2. Legislação aplicável:
Constituição Federal, Art. 5º, LXIX: “Conceder-se-á mandado de segurança para proteger direito líquido e certo, não amparado por habeas corpus ou habeas data...”
Lei 12.016/2009, Art. 1º e 5º, II: Veda-se produção de prova testemunhal ou pericial no MS.
3. Jurisprudência:
STF, Súmula 625: “Controvérsia sobre matéria de direito não impede concessão de mandado de segurança. Provas necessárias ao reconhecimento do direito devem ser pré-constituídas.”
4. Explicação central e exemplo prático: O mandado de segurança serve para exigir decisão administrativa quando há omissão. Exemplo: agricultor tem seu pedido ignorado pela autoridade, mesmo após o prazo legal – caso típico de MS para análise de direito líquido e certo, sem dilação probatória.
5. Justificativa da alternativa correta (D):
A alternativa D está correta pois expressa exatamente o critério de admissibilidade do mandado de segurança: o direito líquido e certo deve ser demonstrado por prova pré-constituída (doc. já juntado, sem necessidade de perícia, testemunhas ou novas diligências).

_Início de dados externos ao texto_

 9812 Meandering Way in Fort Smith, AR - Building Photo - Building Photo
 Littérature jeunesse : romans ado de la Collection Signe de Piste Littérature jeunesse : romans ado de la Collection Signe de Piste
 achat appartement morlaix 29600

6. Análise das alternativas incorretas:
A) Erro: O MS não se presta a deferir automaticamente o pedido de uso de substância proibida (decisão de mérito administrativa), muito menos acumular indenização (“indevido efeito condenatório”).
B) O Judiciário pode, sim, analisar a legalidade do ato, e não se limita a ordenar mera apreciação formal.
C) Produção de provas periciais ou testemunhais é vedada (art. 5º, II da Lei 12.016/09).
E) O MS não admite indenização alternativa; tal pedido deve ser feito em ação própria.
Pegadinhas: Atenção ao uso de termos como indenização ou dilação probatória, que não se coadunam com a natureza célere e documental do MS.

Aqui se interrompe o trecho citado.